Сколько он спал за последние две недели? Наверное, все-таки больше, чем кажется, раз ему еще удается держать глаза открытыми. Но не намного. Сначала погода была просто ужасной, потом накатило смятение «той ночи» – мысленно Эстон никогда не называл ее иначе, – вслед за которой начались утомительные хлопоты и выхаживание «пациентки»… Людмилы.
У нее ведь есть имя, напомнил он себе, – Людмила, и она больше не нуждается в уходе. Она была просто человеком, безумному рассказу которого Эстон полностью поверил. Именно из-за ее рассказа ему не удалось сомкнуть глаз всю прошлую ночь. Она сообщала все новые и новые подробности о бесконечной войне между людьми и кангами и о невообразимой погоне за «Огром», которая привела ее на его яхту.

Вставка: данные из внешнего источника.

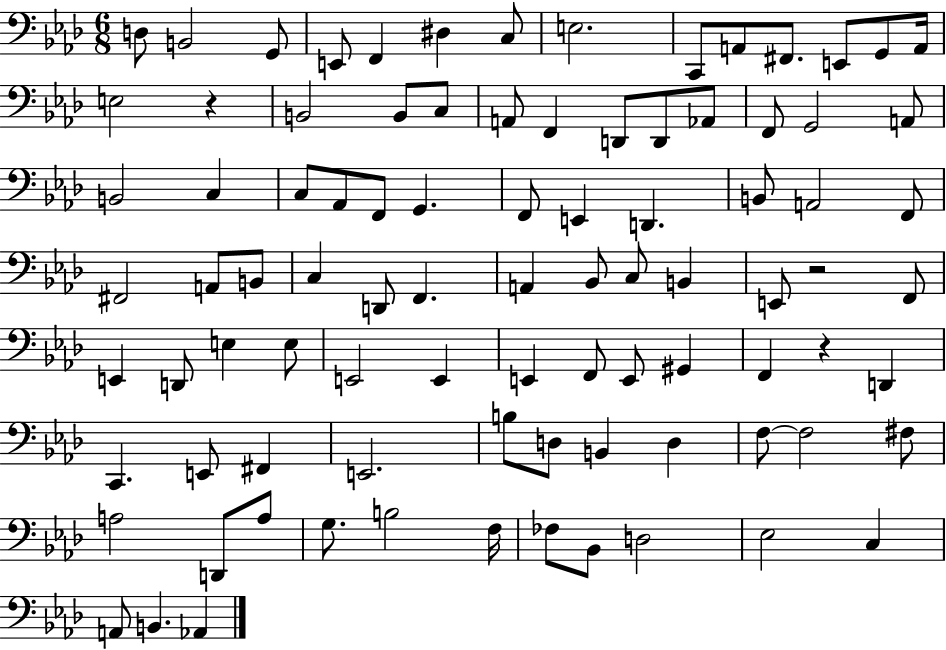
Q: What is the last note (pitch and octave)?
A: Ab2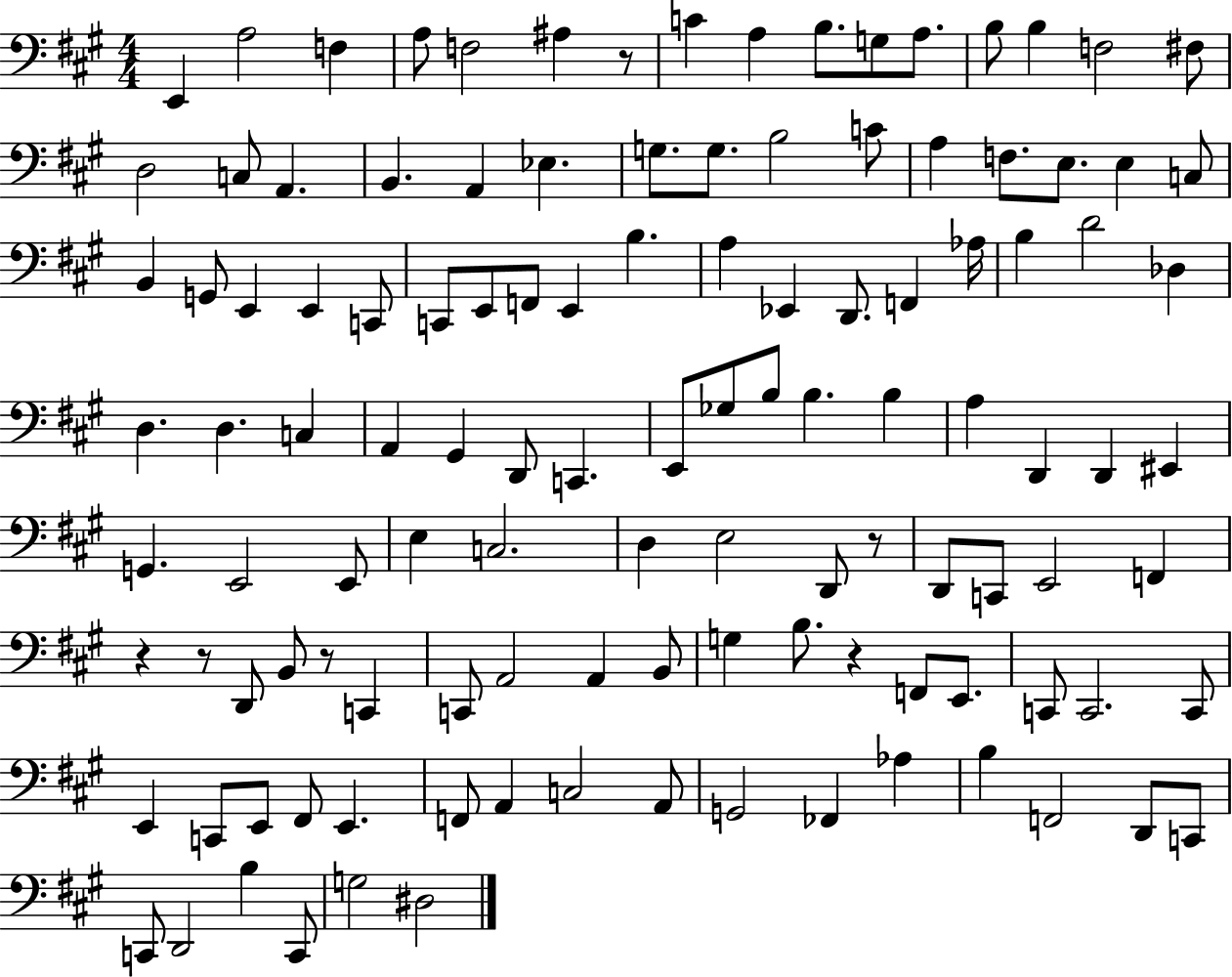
E2/q A3/h F3/q A3/e F3/h A#3/q R/e C4/q A3/q B3/e. G3/e A3/e. B3/e B3/q F3/h F#3/e D3/h C3/e A2/q. B2/q. A2/q Eb3/q. G3/e. G3/e. B3/h C4/e A3/q F3/e. E3/e. E3/q C3/e B2/q G2/e E2/q E2/q C2/e C2/e E2/e F2/e E2/q B3/q. A3/q Eb2/q D2/e. F2/q Ab3/s B3/q D4/h Db3/q D3/q. D3/q. C3/q A2/q G#2/q D2/e C2/q. E2/e Gb3/e B3/e B3/q. B3/q A3/q D2/q D2/q EIS2/q G2/q. E2/h E2/e E3/q C3/h. D3/q E3/h D2/e R/e D2/e C2/e E2/h F2/q R/q R/e D2/e B2/e R/e C2/q C2/e A2/h A2/q B2/e G3/q B3/e. R/q F2/e E2/e. C2/e C2/h. C2/e E2/q C2/e E2/e F#2/e E2/q. F2/e A2/q C3/h A2/e G2/h FES2/q Ab3/q B3/q F2/h D2/e C2/e C2/e D2/h B3/q C2/e G3/h D#3/h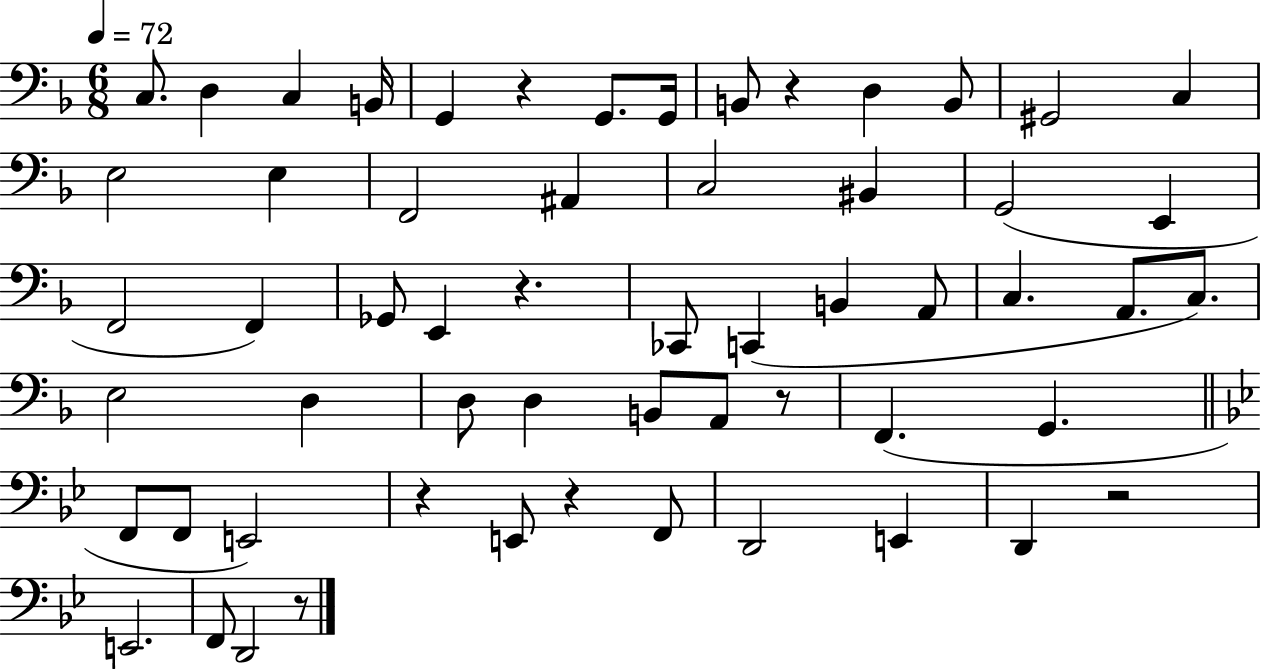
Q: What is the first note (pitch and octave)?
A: C3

Эти-то подробности и убедили его в конечном счете. Он имел большой опыт ведения допросов и хоть задавал немного вопросов, никогда еще за всю свою жизнь не слушал с таким напряженным вниманием. И ему не удалось заметить ни одного противоречия, ни одной несообразности в рассказе Людмилы. Он был поражен, что столь юная девушка имеет звание полковника, но слова ее доказывали, что это звание она носит заслуженно. Безусловно, она была старше, чем казалась. Когда она описывала гибель Девяносто второго дивизиона, на ее лицо легла тень горя, однако это горе притуплялось привычкой к утратам товарищей. Привычкой к смертям друзей. Он ясно видел это по ее лицу, по ее способности смеяться, несмотря на боль, – все это было ему знакомо. То же самое он видел на стольких других лицах… И на своем собственном тоже…

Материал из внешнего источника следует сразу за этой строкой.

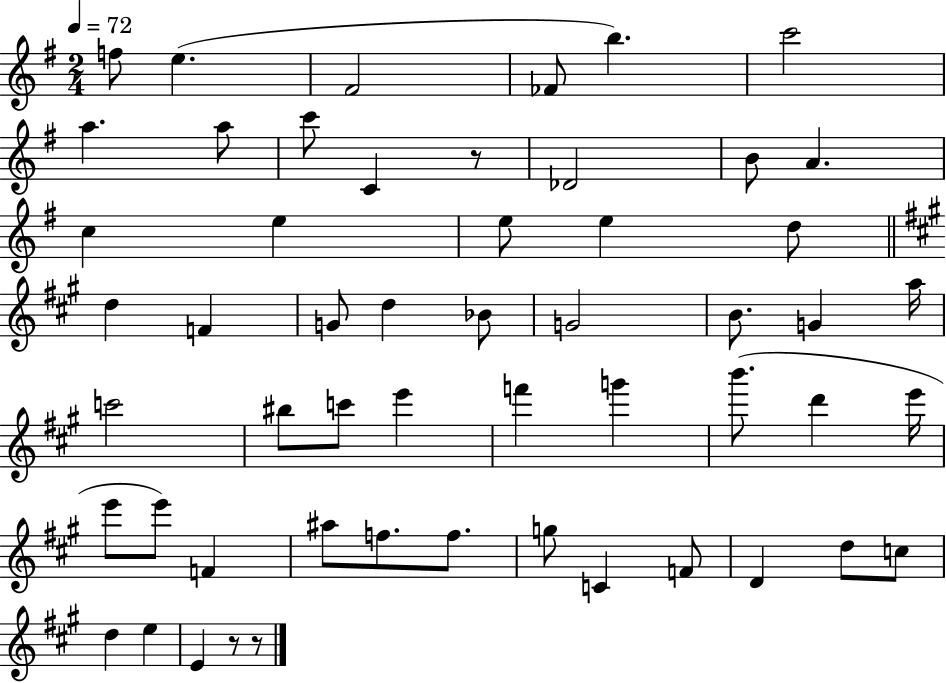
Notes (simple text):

F5/e E5/q. F#4/h FES4/e B5/q. C6/h A5/q. A5/e C6/e C4/q R/e Db4/h B4/e A4/q. C5/q E5/q E5/e E5/q D5/e D5/q F4/q G4/e D5/q Bb4/e G4/h B4/e. G4/q A5/s C6/h BIS5/e C6/e E6/q F6/q G6/q B6/e. D6/q E6/s E6/e E6/e F4/q A#5/e F5/e. F5/e. G5/e C4/q F4/e D4/q D5/e C5/e D5/q E5/q E4/q R/e R/e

Течение его мыслей прервало появление Людмилы, которая, поднявшись по лестнице, высунула голову из люка. Ветер трепал ее каштановые волосы. Ее уверенный спокойный взгляд, так странно контрастировавший с юным лицом, остановился на Эстоне.
– Можно мне подняться наверх? – спросила она.
Непривычный акцент ничуть не уменьшал музыкальности ее голоса и не резал слух Эстона.
– Если вы в силах, – разрешил он, и она невесело улыбнулась его намеку на то, что случилось недавно.
Прошлой ночью запас ее энергии иссяк с устрашающей внезапностью, и она едва не потеряла сознание, повалившись на койку. Эстон толком не мог бы сказать, что больше изумляло его: жизненный напор Людмилы или ею моментальный упадок.
– Спасибо, – пробормотала она и выбралась на палубу.
На ней все еще не было никакой одежды, кроме футболки, едва прикрывавшей мускулистые бедра. Эстон решительно подавил внезапный прилив возбуждения.
– Вы умеете плавать? – спросил он.
– Довольно прилично. – Она окинула взглядом безграничный океанский простор и покачала головой. – Хотя вряд ли переплыву эту лужу.
– Ну, коли так, надевайте-ка вот это, – сказал он, протягивая ей спасательный жилет.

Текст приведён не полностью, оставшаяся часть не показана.